[WHAT THE EXERCISE ASKS]
Write the data out again exactly, dropping any images it holds.

[SUPPLIED INFORMATION]
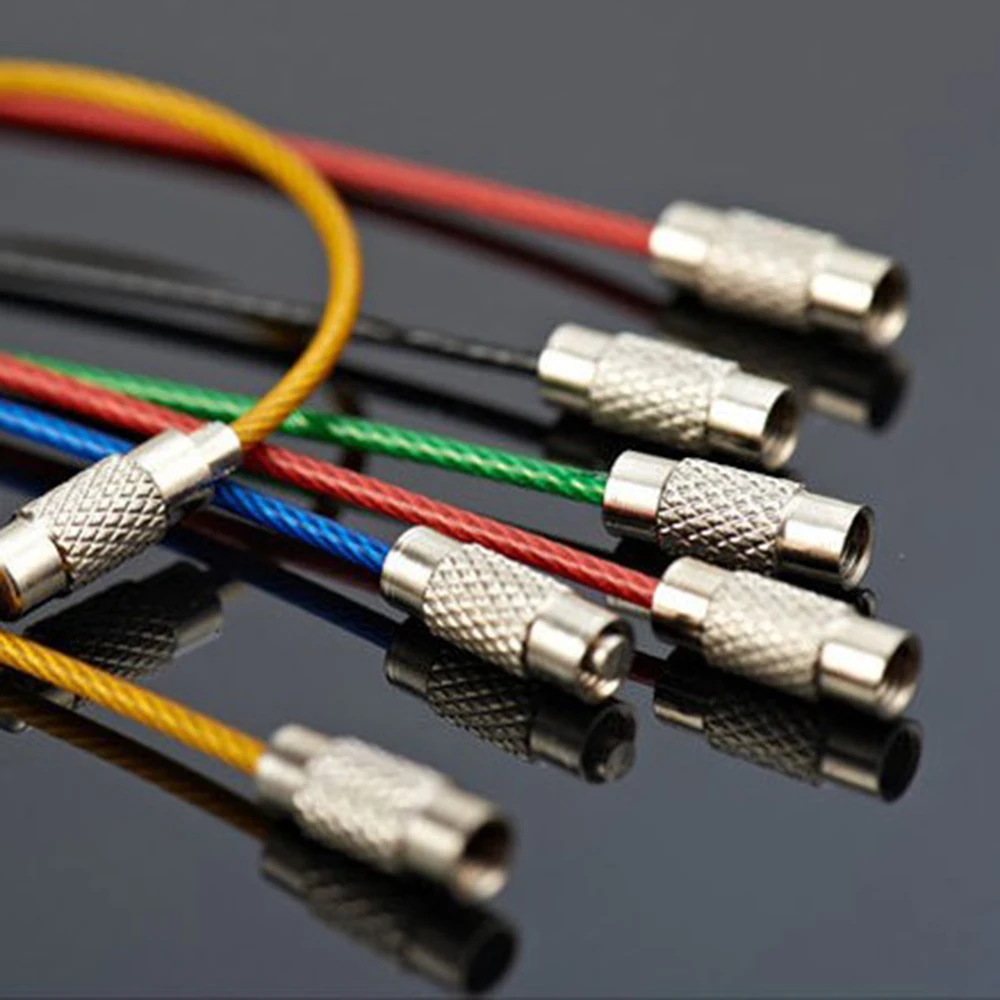 

10pcs Colorful Screw Locking Stainless Steel Wire Keychain Cable Rope Key Holder Keyring Key Chain Rings Cable Outdoor Keychain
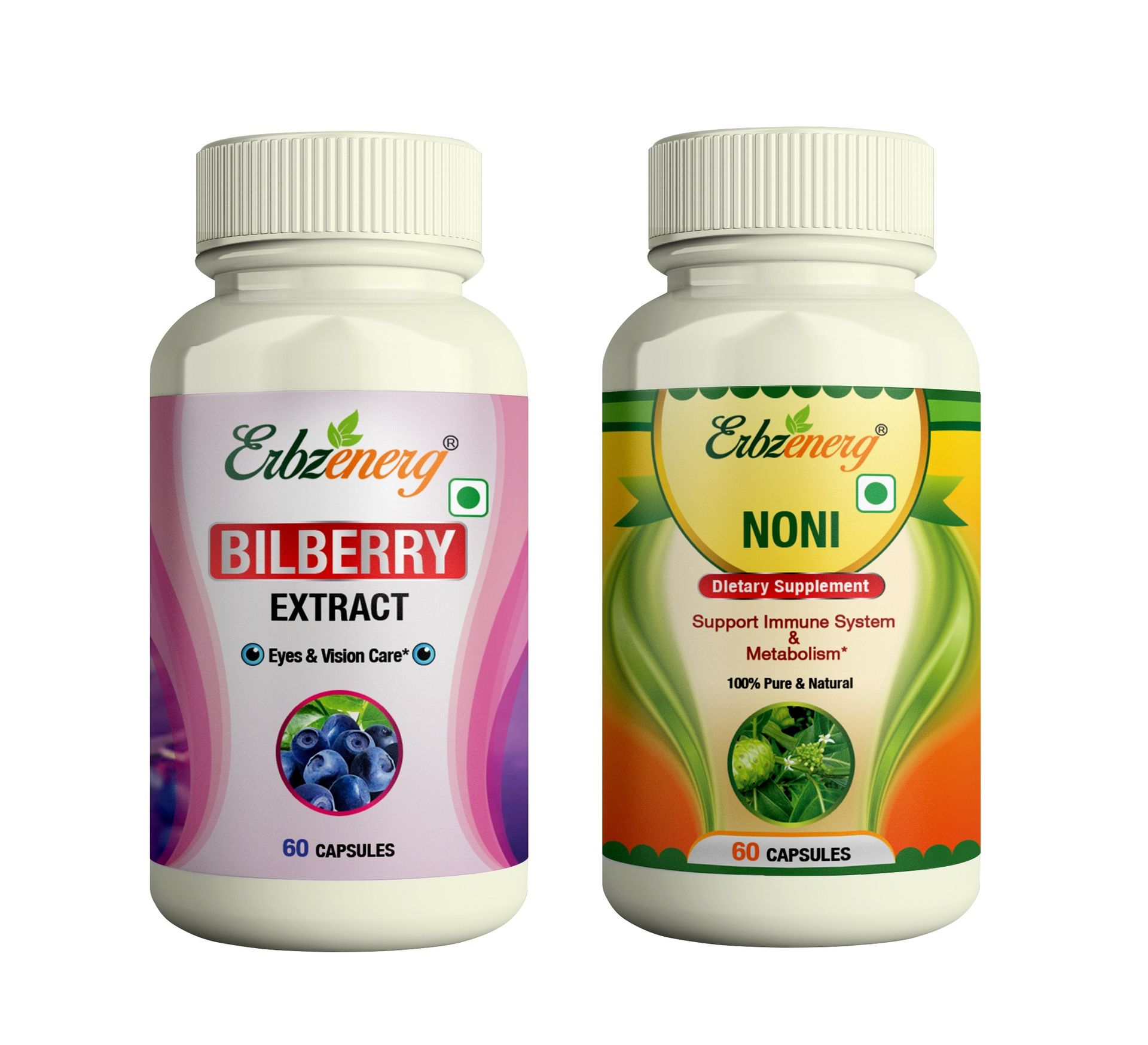 Bilberry Extract (Vaccinium myrtillus) 60 Capsules and Noni (Morinda citrifolia) 60 Capsules- (Pack of 1)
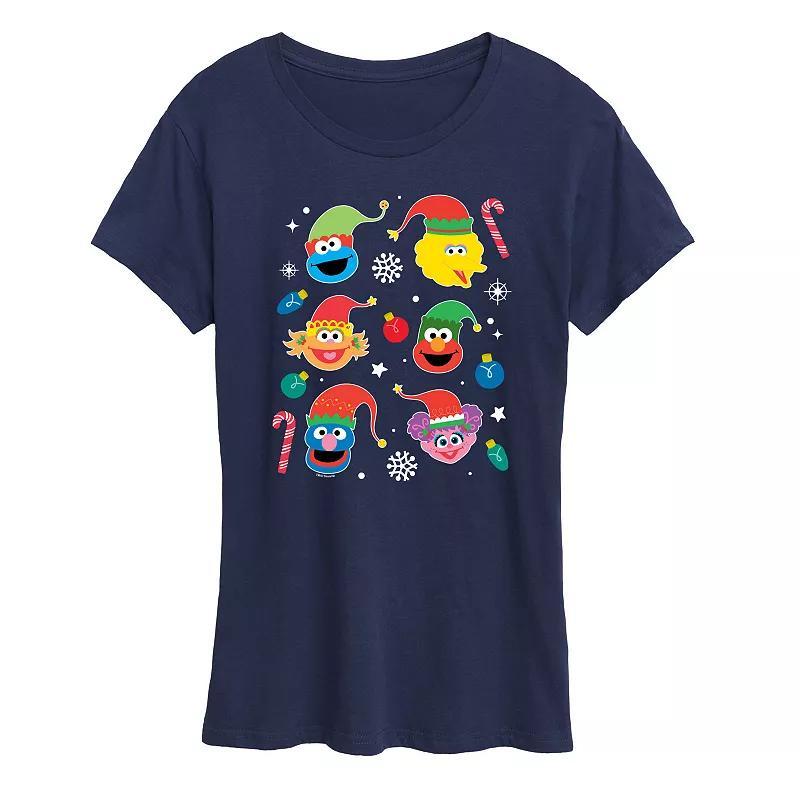 Womens Sesame Street Holiday Icons Graphic Tee, Girls Product Image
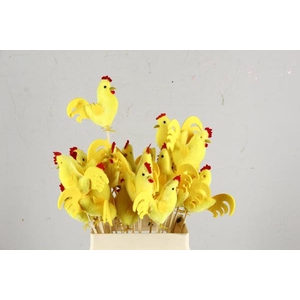 Stick Rooster Fabric 12cm Yel.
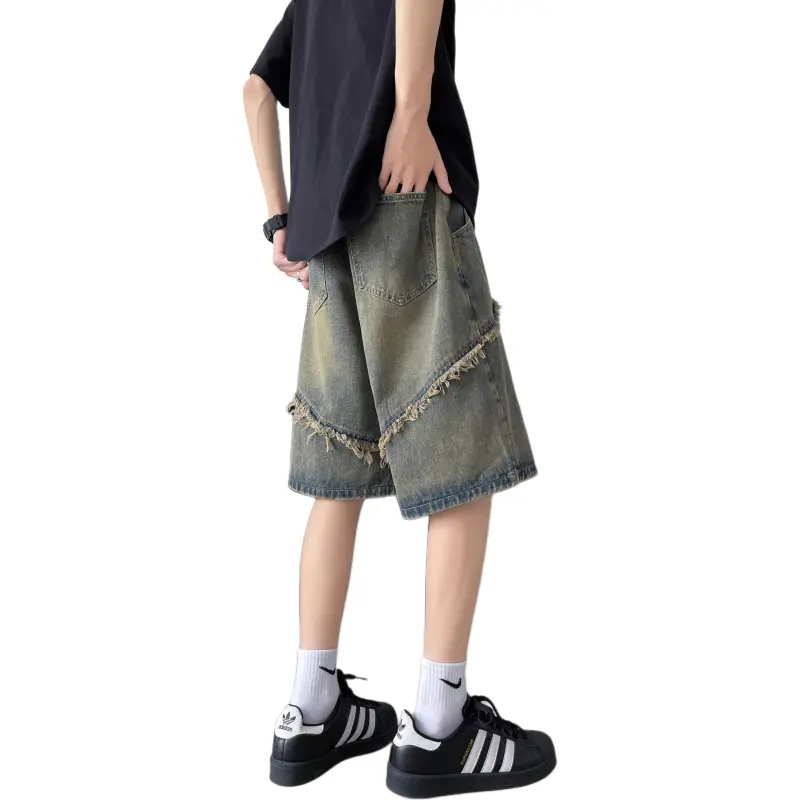 Lulifama Trendy Denim Shorts Unisex Vintage Blue Tone-2
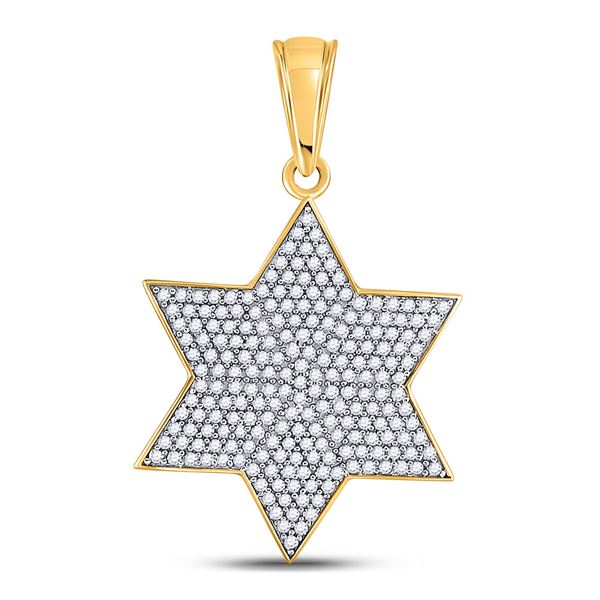 Mens Diamond Star Magen David Charm Pendant 5/8 Cttw 10kt Yellow Gold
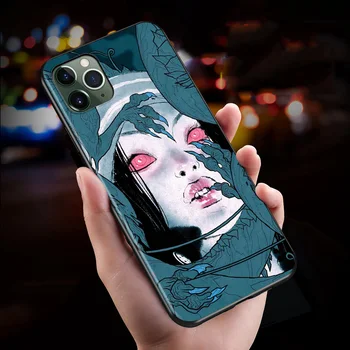 Mitologia japoneză Artă Fantomă Pentru iPhone 12 11 XS Pro Max Mini-XR-X 8 7 6 6S Plus 5 SE 2020 Capac Negru Caz de Telefon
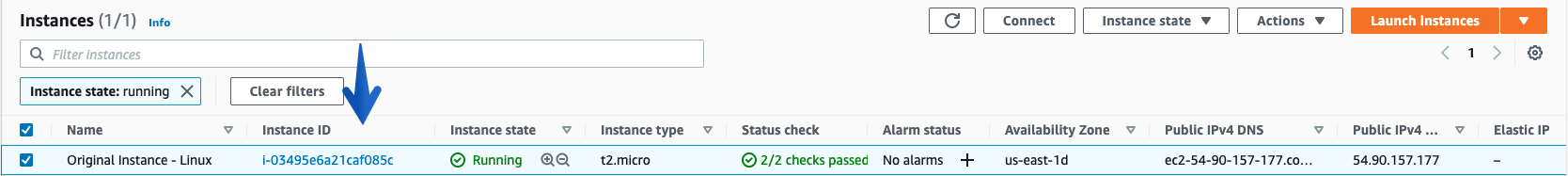 Under EC2 console, I have selected the test instance where I will be modifying the permissions of /home/ec2-user for this example.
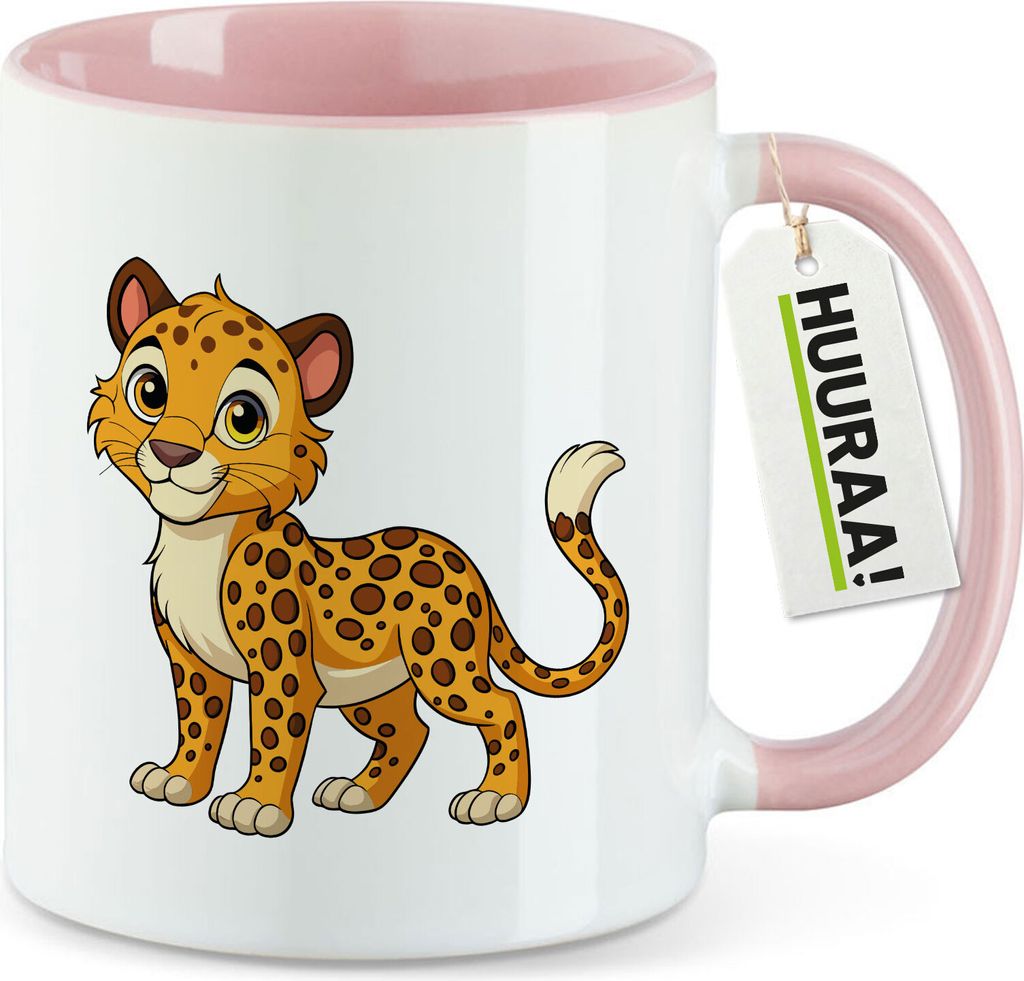 Huuraa Kaffeetasse Leopard Comic 330ml Rosa Keramik Kaffeebecher Geschenkidee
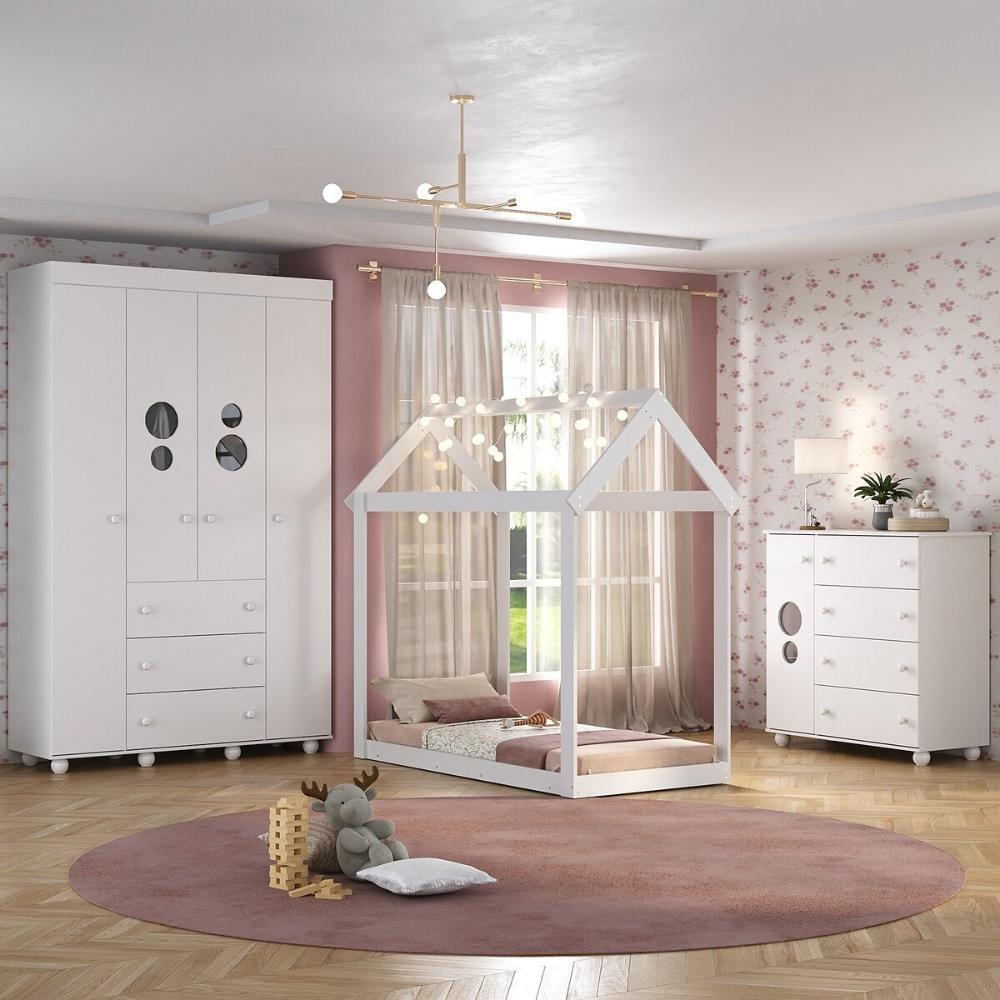 Quarto Infantil com Cama Montessoriana e Colchão Incluso Pimpolho Multimóveis MX4270 Branco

[FINAL ANSWER]
10pcs Colorful Screw Locking Stainless Steel Wire Keychain Cable Rope Key Holder Keyring Key Chain Rings Cable Outdoor Keychain
 Bilberry Extract (Vaccinium myrtillus) 60 Capsules and Noni (Morinda citrifolia) 60 Capsules- (Pack of 1)
 Womens Sesame Street Holiday Icons Graphic Tee, Girls Product Image
 Stick Rooster Fabric 12cm Yel.
 Lulifama Trendy Denim Shorts Unisex Vintage Blue Tone-2
 Mens Diamond Star Magen David Charm Pendant 5/8 Cttw 10kt Yellow Gold
 Mitologia japoneză Artă Fantomă Pentru iPhone 12 11 XS Pro Max Mini-XR-X 8 7 6 6S Plus 5 SE 2020 Capac Negru Caz de Telefon
 Under EC2 console, I have selected the test instance where I will be modifying the permissions of /home/ec2-user for this example.
 Huuraa Kaffeetasse Leopard Comic 330ml Rosa Keramik Kaffeebecher Geschenkidee
 Quarto Infantil com Cama Montessoriana e Colchão Incluso Pimpolho Multimóveis MX4270 Branco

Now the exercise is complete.